Items listed in a dataset
↓
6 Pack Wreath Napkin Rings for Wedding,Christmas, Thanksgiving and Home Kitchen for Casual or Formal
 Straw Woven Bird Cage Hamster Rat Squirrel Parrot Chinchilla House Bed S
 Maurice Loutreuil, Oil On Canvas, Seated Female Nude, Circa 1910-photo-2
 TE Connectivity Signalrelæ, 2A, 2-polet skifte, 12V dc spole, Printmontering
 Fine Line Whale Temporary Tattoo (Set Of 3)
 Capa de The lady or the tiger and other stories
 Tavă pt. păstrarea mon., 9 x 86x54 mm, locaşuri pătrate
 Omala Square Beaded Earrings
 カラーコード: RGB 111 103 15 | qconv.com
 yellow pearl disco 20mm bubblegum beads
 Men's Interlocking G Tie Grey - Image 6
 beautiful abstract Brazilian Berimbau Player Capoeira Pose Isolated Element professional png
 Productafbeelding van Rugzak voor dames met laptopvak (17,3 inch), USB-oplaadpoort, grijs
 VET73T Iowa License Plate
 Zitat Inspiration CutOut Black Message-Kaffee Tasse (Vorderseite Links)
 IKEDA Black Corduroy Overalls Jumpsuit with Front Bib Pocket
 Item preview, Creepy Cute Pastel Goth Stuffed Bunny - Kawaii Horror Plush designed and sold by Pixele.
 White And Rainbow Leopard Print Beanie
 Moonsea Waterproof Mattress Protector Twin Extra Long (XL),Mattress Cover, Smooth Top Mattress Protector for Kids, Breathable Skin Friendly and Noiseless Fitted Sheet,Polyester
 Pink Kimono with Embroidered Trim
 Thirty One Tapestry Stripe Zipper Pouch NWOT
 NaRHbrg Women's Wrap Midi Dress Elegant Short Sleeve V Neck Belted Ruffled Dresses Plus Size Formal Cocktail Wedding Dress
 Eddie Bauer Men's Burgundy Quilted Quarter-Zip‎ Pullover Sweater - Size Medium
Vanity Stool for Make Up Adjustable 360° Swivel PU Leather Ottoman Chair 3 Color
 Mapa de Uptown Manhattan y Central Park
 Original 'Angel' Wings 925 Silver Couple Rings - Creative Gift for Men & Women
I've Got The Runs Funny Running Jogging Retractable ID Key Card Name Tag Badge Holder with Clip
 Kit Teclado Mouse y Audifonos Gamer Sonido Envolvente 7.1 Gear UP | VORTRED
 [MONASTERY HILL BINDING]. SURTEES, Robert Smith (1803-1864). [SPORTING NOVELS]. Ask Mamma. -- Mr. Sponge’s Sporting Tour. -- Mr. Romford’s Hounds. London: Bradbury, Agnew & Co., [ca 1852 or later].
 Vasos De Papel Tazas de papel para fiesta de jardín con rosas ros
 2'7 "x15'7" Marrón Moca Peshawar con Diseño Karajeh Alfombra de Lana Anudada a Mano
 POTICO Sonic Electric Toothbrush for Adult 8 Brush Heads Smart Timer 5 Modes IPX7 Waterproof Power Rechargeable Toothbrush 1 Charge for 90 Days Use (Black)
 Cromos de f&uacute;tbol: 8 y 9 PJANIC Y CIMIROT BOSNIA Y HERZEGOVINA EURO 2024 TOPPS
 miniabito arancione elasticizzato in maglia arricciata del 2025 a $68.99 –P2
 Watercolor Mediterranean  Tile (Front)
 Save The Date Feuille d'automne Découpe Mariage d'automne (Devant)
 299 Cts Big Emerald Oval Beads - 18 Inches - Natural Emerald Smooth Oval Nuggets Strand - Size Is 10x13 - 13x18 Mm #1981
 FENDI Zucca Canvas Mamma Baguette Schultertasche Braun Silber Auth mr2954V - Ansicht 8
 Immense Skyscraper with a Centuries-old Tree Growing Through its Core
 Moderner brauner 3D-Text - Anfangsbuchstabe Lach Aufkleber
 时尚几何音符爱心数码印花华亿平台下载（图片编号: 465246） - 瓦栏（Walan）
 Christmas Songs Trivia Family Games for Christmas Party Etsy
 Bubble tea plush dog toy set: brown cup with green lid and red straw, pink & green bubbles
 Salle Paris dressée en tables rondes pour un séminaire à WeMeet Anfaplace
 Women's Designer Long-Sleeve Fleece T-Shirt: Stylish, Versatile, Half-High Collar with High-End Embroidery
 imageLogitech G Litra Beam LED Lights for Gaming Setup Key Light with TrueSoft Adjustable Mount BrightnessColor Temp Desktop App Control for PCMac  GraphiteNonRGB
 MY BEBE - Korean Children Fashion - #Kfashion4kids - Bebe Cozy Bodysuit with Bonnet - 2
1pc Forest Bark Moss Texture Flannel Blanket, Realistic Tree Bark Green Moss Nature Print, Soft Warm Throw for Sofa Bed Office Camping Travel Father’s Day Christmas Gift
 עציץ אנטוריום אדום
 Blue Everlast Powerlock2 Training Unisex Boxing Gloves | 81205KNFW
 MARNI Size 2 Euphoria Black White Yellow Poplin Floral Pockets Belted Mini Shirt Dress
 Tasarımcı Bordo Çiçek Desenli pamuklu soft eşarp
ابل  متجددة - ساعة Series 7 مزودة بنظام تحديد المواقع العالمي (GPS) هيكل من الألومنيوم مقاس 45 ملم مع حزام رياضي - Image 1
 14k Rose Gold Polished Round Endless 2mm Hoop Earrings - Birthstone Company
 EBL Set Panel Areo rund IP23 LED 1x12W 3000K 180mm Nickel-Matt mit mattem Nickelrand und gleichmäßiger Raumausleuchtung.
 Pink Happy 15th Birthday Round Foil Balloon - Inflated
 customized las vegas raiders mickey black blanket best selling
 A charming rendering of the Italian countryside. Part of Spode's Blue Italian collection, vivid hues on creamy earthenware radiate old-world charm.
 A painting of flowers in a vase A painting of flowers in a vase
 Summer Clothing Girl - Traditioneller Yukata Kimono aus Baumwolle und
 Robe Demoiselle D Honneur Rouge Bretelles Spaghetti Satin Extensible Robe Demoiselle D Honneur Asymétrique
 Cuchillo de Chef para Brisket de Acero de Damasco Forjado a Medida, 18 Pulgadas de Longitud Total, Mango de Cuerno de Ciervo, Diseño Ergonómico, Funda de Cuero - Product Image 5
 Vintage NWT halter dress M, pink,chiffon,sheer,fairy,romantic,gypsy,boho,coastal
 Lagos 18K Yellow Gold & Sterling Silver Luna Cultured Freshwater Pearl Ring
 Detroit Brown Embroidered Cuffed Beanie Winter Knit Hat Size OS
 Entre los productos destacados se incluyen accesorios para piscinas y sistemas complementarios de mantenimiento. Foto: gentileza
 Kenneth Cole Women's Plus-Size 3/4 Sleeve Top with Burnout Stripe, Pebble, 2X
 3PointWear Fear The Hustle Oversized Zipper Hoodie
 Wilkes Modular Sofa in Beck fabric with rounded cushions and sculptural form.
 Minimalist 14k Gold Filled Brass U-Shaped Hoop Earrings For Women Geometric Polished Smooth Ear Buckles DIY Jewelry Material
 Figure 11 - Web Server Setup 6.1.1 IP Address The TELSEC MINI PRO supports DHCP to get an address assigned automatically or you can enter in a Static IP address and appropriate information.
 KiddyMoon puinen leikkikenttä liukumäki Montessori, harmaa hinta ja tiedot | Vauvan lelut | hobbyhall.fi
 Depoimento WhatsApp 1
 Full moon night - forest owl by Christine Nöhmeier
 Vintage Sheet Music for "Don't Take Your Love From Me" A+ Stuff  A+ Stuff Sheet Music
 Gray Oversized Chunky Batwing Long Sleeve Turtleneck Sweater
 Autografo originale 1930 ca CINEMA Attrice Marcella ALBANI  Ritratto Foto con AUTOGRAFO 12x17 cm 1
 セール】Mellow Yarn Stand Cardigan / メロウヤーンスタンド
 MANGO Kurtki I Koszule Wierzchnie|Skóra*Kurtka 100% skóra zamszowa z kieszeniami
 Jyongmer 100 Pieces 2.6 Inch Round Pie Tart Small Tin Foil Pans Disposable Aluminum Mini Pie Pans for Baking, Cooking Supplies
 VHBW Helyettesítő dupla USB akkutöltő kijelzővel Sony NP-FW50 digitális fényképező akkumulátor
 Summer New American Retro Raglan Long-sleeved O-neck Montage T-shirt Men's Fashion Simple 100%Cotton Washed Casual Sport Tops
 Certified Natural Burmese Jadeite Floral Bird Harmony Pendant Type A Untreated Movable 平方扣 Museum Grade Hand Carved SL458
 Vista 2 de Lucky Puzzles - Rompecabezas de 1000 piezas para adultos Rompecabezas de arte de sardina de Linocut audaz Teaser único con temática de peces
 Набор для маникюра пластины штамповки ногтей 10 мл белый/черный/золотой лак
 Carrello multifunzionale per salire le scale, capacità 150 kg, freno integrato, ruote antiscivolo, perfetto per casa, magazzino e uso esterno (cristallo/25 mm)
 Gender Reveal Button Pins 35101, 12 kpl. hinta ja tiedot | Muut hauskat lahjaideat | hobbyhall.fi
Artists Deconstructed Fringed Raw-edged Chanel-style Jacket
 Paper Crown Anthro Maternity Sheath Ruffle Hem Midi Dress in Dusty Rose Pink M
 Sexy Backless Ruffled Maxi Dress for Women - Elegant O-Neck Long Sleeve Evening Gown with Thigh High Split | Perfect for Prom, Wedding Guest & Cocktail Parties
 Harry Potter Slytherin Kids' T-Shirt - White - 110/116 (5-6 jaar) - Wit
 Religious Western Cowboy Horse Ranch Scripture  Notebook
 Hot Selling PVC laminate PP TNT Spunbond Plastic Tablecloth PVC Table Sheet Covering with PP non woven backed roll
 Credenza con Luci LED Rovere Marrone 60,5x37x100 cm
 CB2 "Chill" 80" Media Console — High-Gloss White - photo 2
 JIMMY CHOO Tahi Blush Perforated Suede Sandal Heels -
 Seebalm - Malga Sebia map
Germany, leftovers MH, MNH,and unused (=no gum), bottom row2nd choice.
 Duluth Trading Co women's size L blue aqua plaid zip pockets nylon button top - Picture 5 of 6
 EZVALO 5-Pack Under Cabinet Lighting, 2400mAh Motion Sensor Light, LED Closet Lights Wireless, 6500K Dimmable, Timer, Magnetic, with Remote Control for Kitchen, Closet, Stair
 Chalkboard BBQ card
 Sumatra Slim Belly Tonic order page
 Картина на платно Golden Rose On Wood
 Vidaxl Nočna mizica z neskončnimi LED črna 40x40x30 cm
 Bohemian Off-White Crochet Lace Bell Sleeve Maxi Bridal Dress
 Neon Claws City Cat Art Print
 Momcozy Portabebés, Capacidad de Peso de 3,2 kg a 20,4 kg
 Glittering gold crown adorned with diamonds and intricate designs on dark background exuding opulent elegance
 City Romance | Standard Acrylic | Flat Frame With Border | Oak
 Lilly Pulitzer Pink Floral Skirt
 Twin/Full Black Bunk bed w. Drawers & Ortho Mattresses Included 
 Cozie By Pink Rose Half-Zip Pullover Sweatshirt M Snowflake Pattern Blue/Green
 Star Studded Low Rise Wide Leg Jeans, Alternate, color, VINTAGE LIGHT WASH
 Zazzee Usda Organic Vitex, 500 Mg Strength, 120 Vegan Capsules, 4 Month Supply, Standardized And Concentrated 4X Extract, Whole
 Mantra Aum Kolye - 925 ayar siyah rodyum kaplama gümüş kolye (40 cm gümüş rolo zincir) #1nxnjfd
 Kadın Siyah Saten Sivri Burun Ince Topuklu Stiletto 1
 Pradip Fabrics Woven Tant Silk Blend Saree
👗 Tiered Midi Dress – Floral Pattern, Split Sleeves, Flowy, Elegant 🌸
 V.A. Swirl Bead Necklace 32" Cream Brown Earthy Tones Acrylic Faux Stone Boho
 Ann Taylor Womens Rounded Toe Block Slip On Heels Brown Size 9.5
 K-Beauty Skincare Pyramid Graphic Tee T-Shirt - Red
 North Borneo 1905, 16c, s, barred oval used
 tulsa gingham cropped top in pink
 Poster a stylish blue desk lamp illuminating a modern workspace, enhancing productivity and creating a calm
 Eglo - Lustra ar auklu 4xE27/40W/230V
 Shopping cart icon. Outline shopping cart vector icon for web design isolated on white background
↑
→ **Exercise description**:
Look above for the line containing "beautiful abstract Brazilian". Output from there through the line containing "Zitat Inspiration CutOut", exactly and inclusively.

→ **Task output**:
 beautiful abstract Brazilian Berimbau Player Capoeira Pose Isolated Element professional png
 Productafbeelding van Rugzak voor dames met laptopvak (17,3 inch), USB-oplaadpoort, grijs
 VET73T Iowa License Plate
 Zitat Inspiration CutOut Black Message-Kaffee Tasse (Vorderseite Links)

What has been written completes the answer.